The Michael J. Fox Show: "Couples"
How does a middle-aged married guy make new friends? He can’t, according to The Michael J. Fox Show, because he and his wife are terrible people with a weakness for ridiculous schemes.
“Couples” starts with Fox at his most charming, as his character shyly strikes up a friendship with a neighbor who shares his love of hockey and guitars (Frederick Weller, of the USA series In Plain Sight). After Mike corners Will in front of their apartment building’s mailboxes — a nice substitute for high-school lockers — he stammers and giggles and says things like “You’re cool” while he looks at the floor and kicks an imaginary can. If you remember watching Fox on television three decades ago, this scene has got to make you feel younger, and maybe inspired to look around for a new friend of your own. (Fox is 52 and Weller is 47, but I don’t remember an age being assigned to Fox’s character, and I suspect NBC would insist that Mike Henry is short of the mid-century mark.)
But this isn’t Men Of A Certain Age, so “Couples” doesn’t have much to say about male friendship after a few minutes. There are some mild gay jokes, as Mike’s best friend Harris gets jealous and Mike has a talking-head in which he says of Will, “He didn’t even care that I was a local celebrity, which made me want him all the more.” (Wife Annie finds this “creepy.”) And because The Michael J. Fox Show insists on trying to be a Frasier-like farce and has an old-fashioned allergy to serialized elements, it moves quickly to eliminate Will and his wife Trista (Alexandra Wentworth) from the series. As I’ve written before, MJF would be arrestingly fresh if it were airing in the early 1990s, but its aversion to character development just seems odd now.
Annie bonds with Trista when the latter introduces herself by reciting a list of grammatical tics and other things she hates — something that would, in real life, would lead to an embarrassed and concerned silence among everyone in earshot. Annie and Trista even high-five after discovering that they both hate waiters who sit down to take an order. But Mike and Annie quickly decide that the best thing about their new friends is their house in Fiji.
When Will and Trista announce that they’re breaking up halfway through the episode, Mike and Annie decide to “parent trap” the couple so they can preserve an invite to paradise. (Amnesty International isn’t as thrilled with Fiji, which you might think would trouble a journalist in politically correct Manhattan.) Their certain-to-be-discovered plan involves the couples “coincidentally” meeting in front of the restaurant where Will and Trista had their first date, running into the priest who married them, etc. Even before the pièce de résistance of a replica of Will and Trista’s wedding cake, this is so transparent and ridiculous that there’s no comic suspense here.

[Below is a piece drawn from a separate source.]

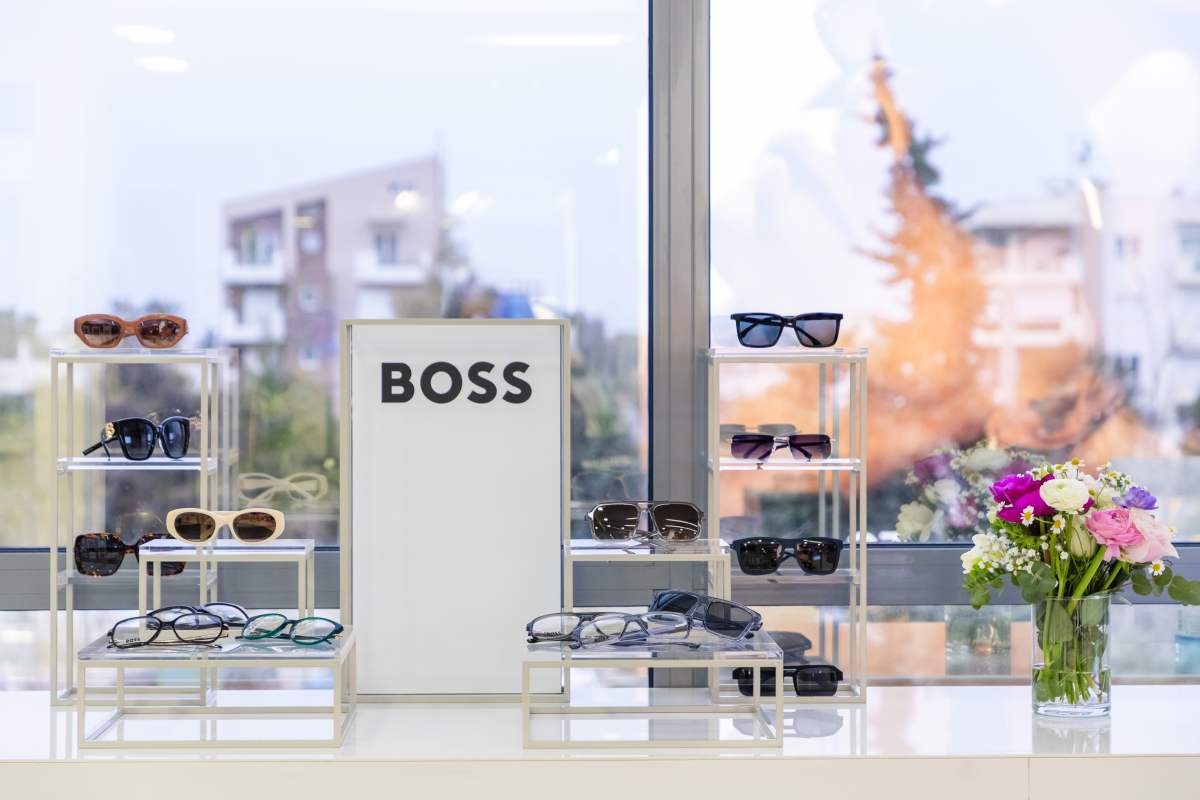 Safilo Hellas γυαλιά ηλίου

At least it’s consistent for Mike and Annie, who never think past the first step of a ruse (see “Party”). Fox and Betsy Brandt are a cute couple, but I wish they’d stop scaring every new character off the show.
Stray observations:
- The B-plot has daughter Eve trying to impress a hipster named Andreas by pretending to be “bad-ass,” which means talking about her awful, drug-addicted family at an open-mike storytelling night. Aunt Leigh backs up her ridiculous stories, which is sweet of her, but Andreas discovers the lies and immediately dumps Eve. The apple doesn’t fall far from the tree.
- Leigh puncturing Eve’s attempt to seem Brooklynese: “You don’t get every signature from the original Broadway cast of Mamma Mia! ‘ironically.’”
- Meanwhile, Ian gets caught masturbating by younger brother Graham. (I missed the first 30 seconds or so of the episode due to a DVR glitch, so there’s a tiny chance that Ian gave a different explanation for why he wanted high-speed Internet service.) He also tells the camera that he once jerked off in the kitchen. No mention of food accoutrements? You have to try harder to be as risqué as you think you are, MJF Show. On Community, Chang has masturbated everywhere.
- Ian on how Graham was able to infiltrate his bedroom: “I used to lock the door when the video was buffering. Damn you, high-speed Internet!” No one in this family thinks ahead.
- Annie is disappointed by Will and Trista’s break-up for strategic reasons: “We liked them, they liked us. The only variable we didn’t think of is that they wouldn’t like each other.”
- Will to Trista in front of their new friends: “Maybe I wouldn’t have to drink so much if you’d look at me while we’re making love.” That’s not going to end in a game of charades.
- Katie Finneran sits on a Big Wheel and, more amusingly, tries to get up from it.